So what is the real energy direction going to be? Well I'm increasingly finding that it's a lot easier recycling someone else's words when they agree with you. I thought I was such a contrarian that couldn't happen but apparently I'm not so alone. So I dug this out of the comments section of the oil drum. Again I assume it's public domain. I could have reworded it but that would have been pointless and dishonest. It's by the OMGbyWTF anonymous bot:
"The recession is keeping the lights on at the moment. There are a couple of unusual things happening in the UK electricity market at the moment.
The low price of natural gas and large number of CCGT's seem to to be undercutting the price of coal generated electricity, also there are net electricity exports to France as they seem to have a lot of nukes out of service for various reasons.
The UK has wasted its North Sea reserves making cheap electricity with no long term investment in alternatives or storage. LNG import capacity has been built fairly quickly and it I don't see the 'gas glut' lasting for very long. I think the UK needs to get its act sorted on several key areas.
Build more natural gas storage facilities.
Improve thermal efficiency in buildings: insulation and move towards heat pumps starting with those on electric and oil fired heating. External insulation and solar water heating should also be considered.
Adopt the Danish model of multifuel CHP systems burning coal, rubbish, biomass and gas whilst providing district heating. Distributed generation running of gassified waste / coal / natural gas / biogas should provide good security and flexibility. Dump the CO2 and waste heat into greenhouses.
Accelerate construction of replacement nuclear reactors and grid upgrades to add more interconnectors with Europe and accomodate more wind power.
Expand and electrify existing railway services.
Look at potential for coal bed methane / gasification of the coal reserves under the North Sea, from a CO2 perspective this may not seem a good idea by this time there should be plenty of empty oil / gas fields to pump the CO2 into.
Build the Severn Barrage, and uprate and expand if possible existing pumped storage sites.
Roll out electric vehicles as they become available."
The only things I don't agree about are a) the nuclear expansion - on mainly cost grounds, and b) worrying about warming from CO2, which in my view is a very overblown hypothesis, though I accept it's politically correct. Using the CO2 for greenhouses or scavenging is however eminently sensible. However all this is cost but no sign of where the money might come from. Stopping the pointless wars would help. Perhaps a Tobin tax? Or just getting entrepreneurs to fund it rather than government. I'm not too happy about that because energy companies are natural monopolies - they really need strict overseers.

Sphere: Related Content

Thursday, November 05, 2009

Western manufacture decline

This might be a copyright theft but perhaps opinion on blogs are public domain. Anyway I reproduce verbatim a blog post from Dale R McIntyre, PhD on Andy Revkin's dotearth blog. A blog that seems to be frequented mostly nowadays by realists rather than the wooly-minded Malthusians who used to dominate. Several are admitting now that they don't have quite the same belief that scientists know any better than the rest of us about the state of the planet. However, enough about fantasy science, let's focus on real engineering. This post shows that the USA is now facing the same effects of neo-liberalist de-manufacturing that the UK faced in 1980's. It's difficult to say if it's avoidable or not but it's worth chronicling at least - especially the part about cheap and nasty Chinese cheese-like steel which we've all become accustomed to encountering in household items. When will a major engineering catastrophe occur because of that short-termist thinking?
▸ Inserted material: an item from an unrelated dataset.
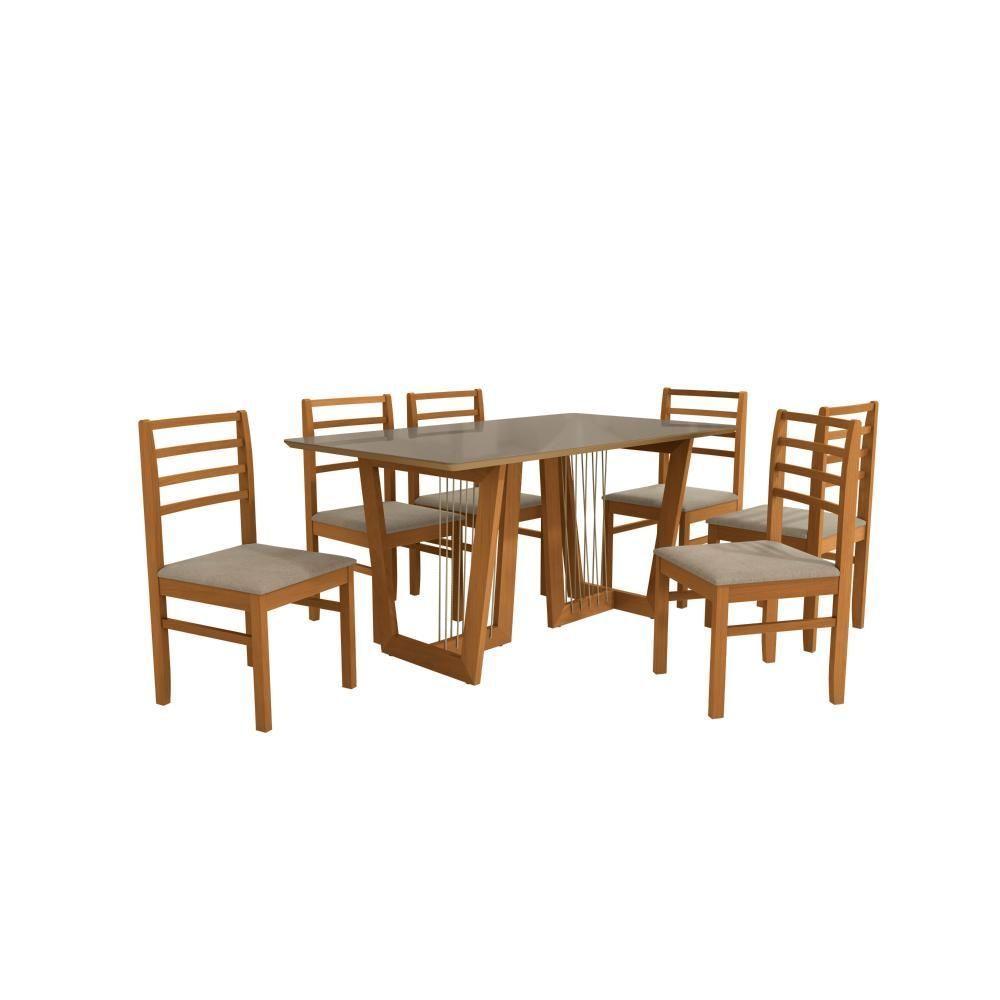 Conjunto Sala De Jantar Elisa Em Madeira Maciça 6 Cadeiras Linho Fendi - 2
"Those of us who have tried to manufacture anything here in the US over the last 20 years could explain it to you. The manufacturing skills and enterprizes which led America to prosperity for over two centuries are in a parlous state.

The causes are many but let me detail some of the high points.

In the mid-1990's, China was allowed to join the World Trade Organization with its currency, the renembi, pegged to the dollar and undervalued by about 30%. (For why this was done, you might enquire to the husband of our current Secretary of State, or to Al Gore.)

With an undervalued currency, labor paid at rates on the order of $1.50 PER DAY, no union work rules and no environmental rules worth mentioning, the leadership of China made mercantilism their national policy and export earnings were the order of the day.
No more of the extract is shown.